Seattle Times business reporter

Leroy Hood, who attended the meeting, has played a role in founding more than 14 companies
After one of the most volatile weeks on Wall Street in recent memory, and more financial challenges ahead, members of the Greater Seattle Chamber of Commerce gathered Friday for an annual lunch meeting at the Westin Hotel. The economy was on everyone's minds.
Departing Chairman James Warjone began by reading a headline:
"Wall Street alarmed by a succession of failures. Two banks and seven firms go under. Disquieting rumors prevail," he said.
While it might sound familiar, that headline was actually 124 years old, he noted. It was taken from a news story in 1884, just two years after the Seattle chamber was formed.
"It's amazing how many times we go through these cycles," said Warjone, chief executive of Port Blakely Companies. "The good news is we survive and prosper afterward."
Even as they predicted more tough times in the near future, the chamber's business leaders outlined a strategy to confront economic challenges with innovation and take advantage of new opportunities.

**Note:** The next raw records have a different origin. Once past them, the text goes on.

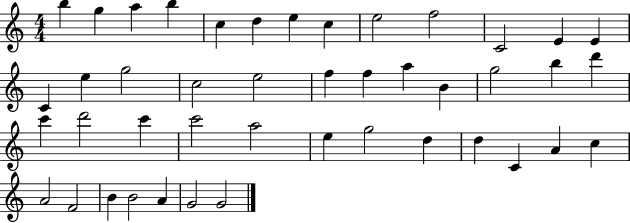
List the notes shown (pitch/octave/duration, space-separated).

B5/q G5/q A5/q B5/q C5/q D5/q E5/q C5/q E5/h F5/h C4/h E4/q E4/q C4/q E5/q G5/h C5/h E5/h F5/q F5/q A5/q B4/q G5/h B5/q D6/q C6/q D6/h C6/q C6/h A5/h E5/q G5/h D5/q D5/q C4/q A4/q C5/q A4/h F4/h B4/q B4/h A4/q G4/h G4/h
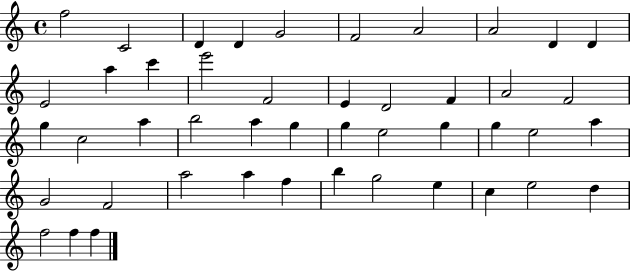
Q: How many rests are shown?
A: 0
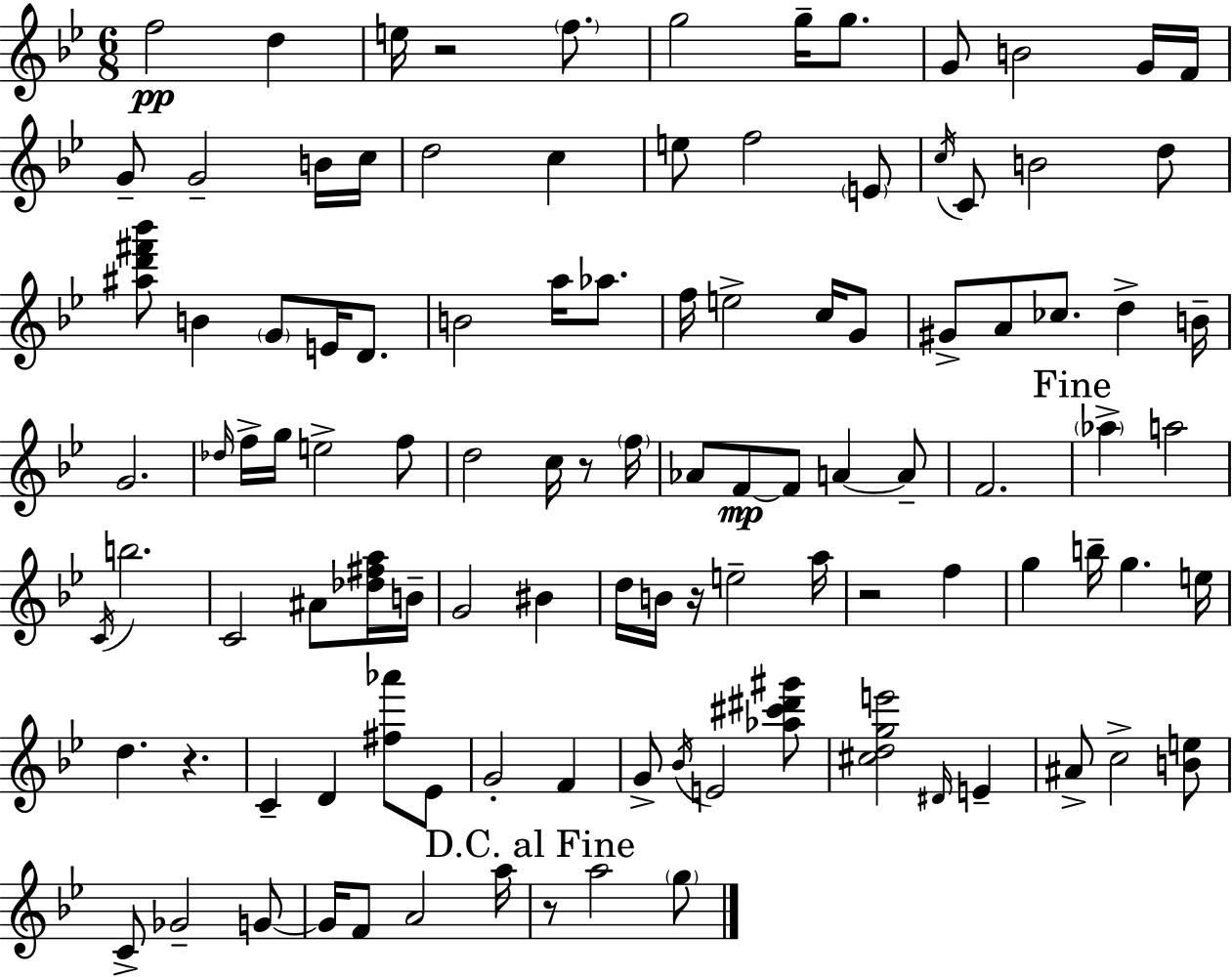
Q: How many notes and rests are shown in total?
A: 107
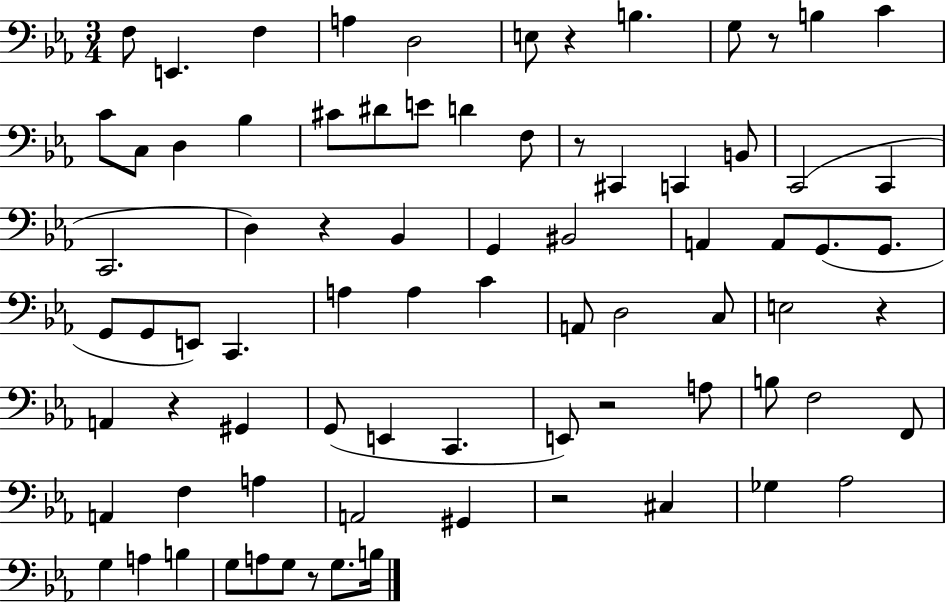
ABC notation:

X:1
T:Untitled
M:3/4
L:1/4
K:Eb
F,/2 E,, F, A, D,2 E,/2 z B, G,/2 z/2 B, C C/2 C,/2 D, _B, ^C/2 ^D/2 E/2 D F,/2 z/2 ^C,, C,, B,,/2 C,,2 C,, C,,2 D, z _B,, G,, ^B,,2 A,, A,,/2 G,,/2 G,,/2 G,,/2 G,,/2 E,,/2 C,, A, A, C A,,/2 D,2 C,/2 E,2 z A,, z ^G,, G,,/2 E,, C,, E,,/2 z2 A,/2 B,/2 F,2 F,,/2 A,, F, A, A,,2 ^G,, z2 ^C, _G, _A,2 G, A, B, G,/2 A,/2 G,/2 z/2 G,/2 B,/4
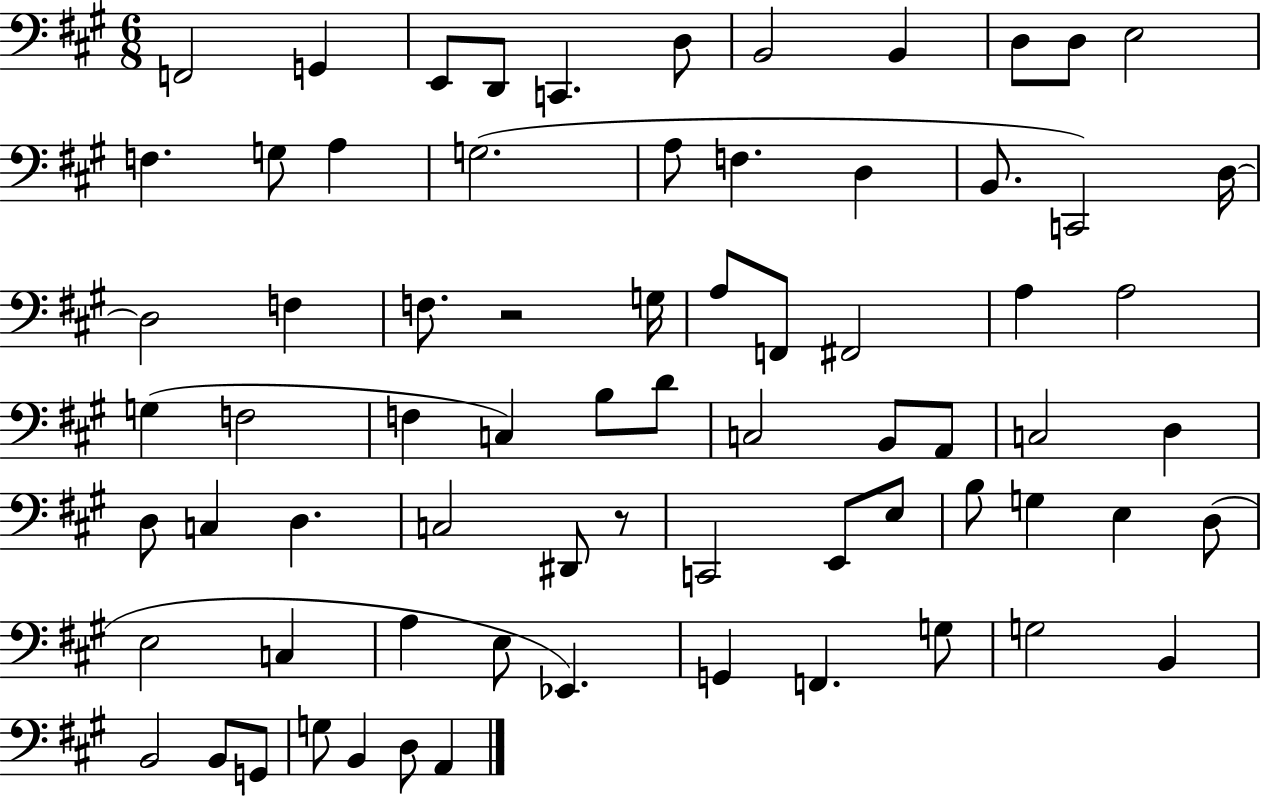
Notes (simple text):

They identified clean technology and global health as promising new sectors, and called on members to work together to find solutions to problems of climate change and emerging and neglected diseases.

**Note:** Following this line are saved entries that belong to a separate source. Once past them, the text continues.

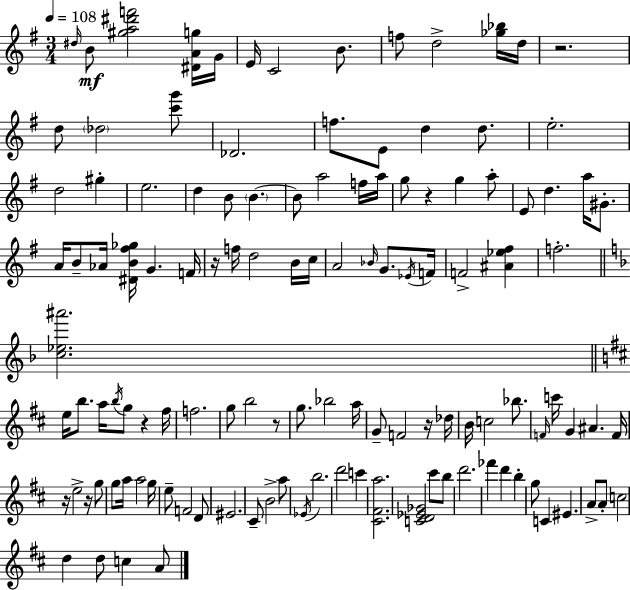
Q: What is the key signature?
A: E minor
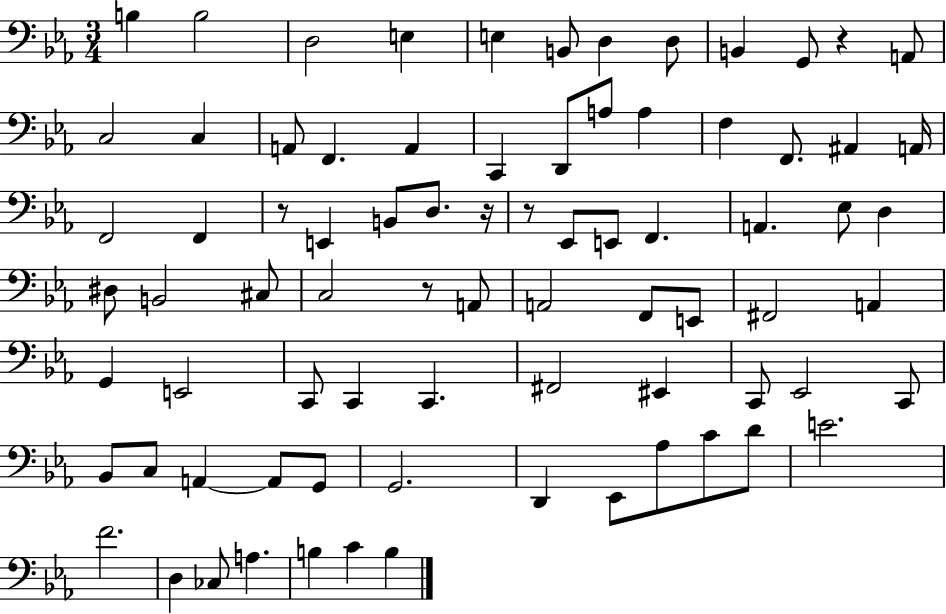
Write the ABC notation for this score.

X:1
T:Untitled
M:3/4
L:1/4
K:Eb
B, B,2 D,2 E, E, B,,/2 D, D,/2 B,, G,,/2 z A,,/2 C,2 C, A,,/2 F,, A,, C,, D,,/2 A,/2 A, F, F,,/2 ^A,, A,,/4 F,,2 F,, z/2 E,, B,,/2 D,/2 z/4 z/2 _E,,/2 E,,/2 F,, A,, _E,/2 D, ^D,/2 B,,2 ^C,/2 C,2 z/2 A,,/2 A,,2 F,,/2 E,,/2 ^F,,2 A,, G,, E,,2 C,,/2 C,, C,, ^F,,2 ^E,, C,,/2 _E,,2 C,,/2 _B,,/2 C,/2 A,, A,,/2 G,,/2 G,,2 D,, _E,,/2 _A,/2 C/2 D/2 E2 F2 D, _C,/2 A, B, C B,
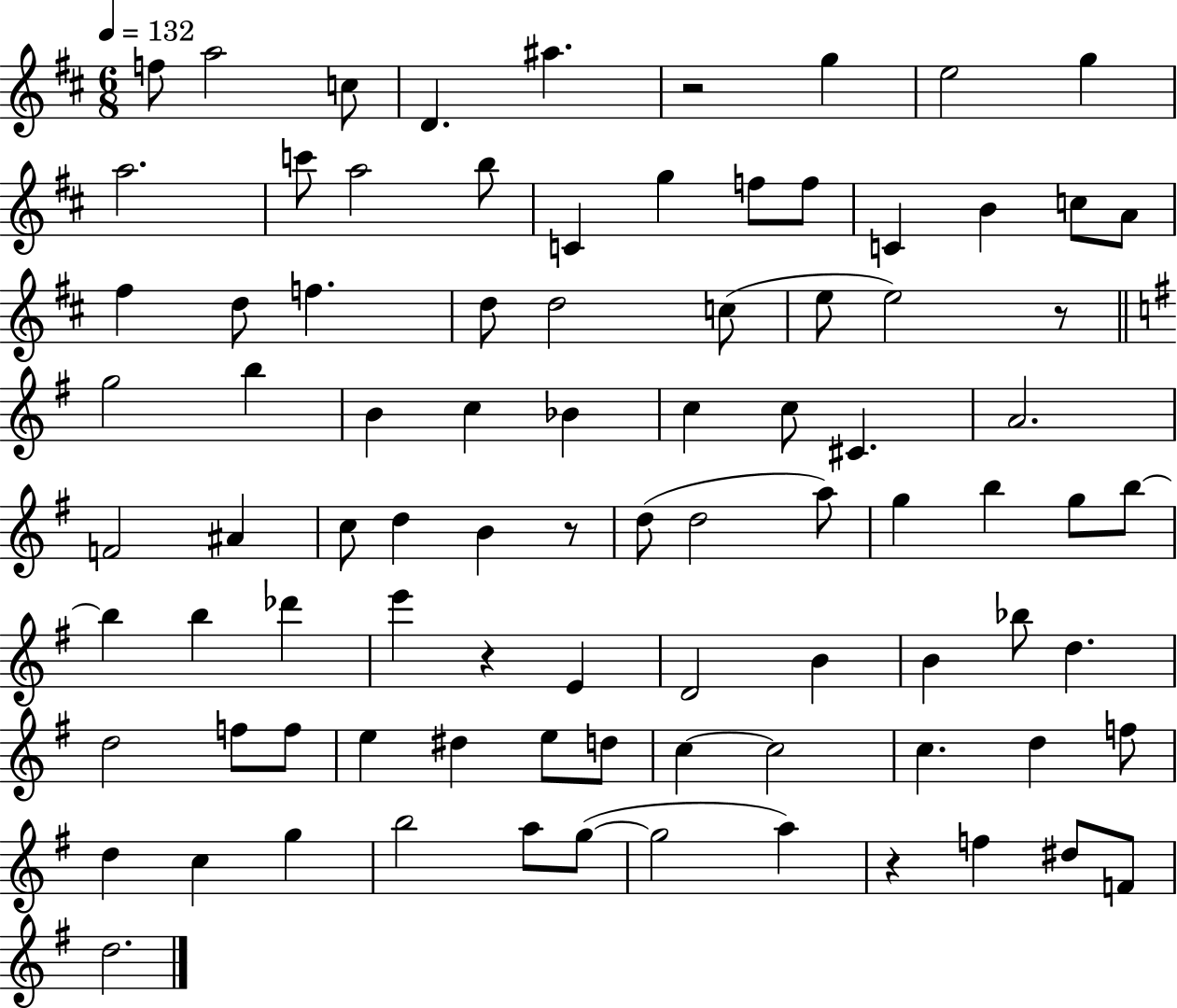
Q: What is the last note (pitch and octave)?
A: D5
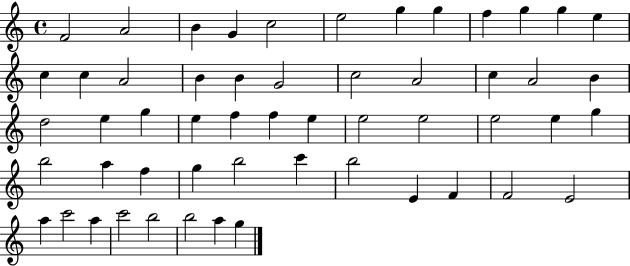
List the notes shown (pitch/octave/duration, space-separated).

F4/h A4/h B4/q G4/q C5/h E5/h G5/q G5/q F5/q G5/q G5/q E5/q C5/q C5/q A4/h B4/q B4/q G4/h C5/h A4/h C5/q A4/h B4/q D5/h E5/q G5/q E5/q F5/q F5/q E5/q E5/h E5/h E5/h E5/q G5/q B5/h A5/q F5/q G5/q B5/h C6/q B5/h E4/q F4/q F4/h E4/h A5/q C6/h A5/q C6/h B5/h B5/h A5/q G5/q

In the coming year, the chamber will seek to enhance a business-friendly climate in Washington state; improve regional transportation, including funding for the Alaskan Way Viaduct and Highway 520; support urban density and housing affordability; advance sustainable development; and strengthen the region as a center for global health.
"We live in interesting and very unsettling times," said Tayloe Washburn, incoming chairman of the chamber and a land-use lawyer with Foster Pepper in Seattle. He called next year "a critical turning point for the future of the region," and said protecting the natural environment and sustaining innovation are key.
"Our region is well-positioned, if we do the right things, to provide vitally needed solutions that the entire world needs in two areas: climate change and global health," he said. "Roll up your sleeves and get to work."
The chamber and Mayor Greg Nickels unveiled a new tool called Decision Commons, which the chamber developed in collaboration with Microsoft and the city of Seattle.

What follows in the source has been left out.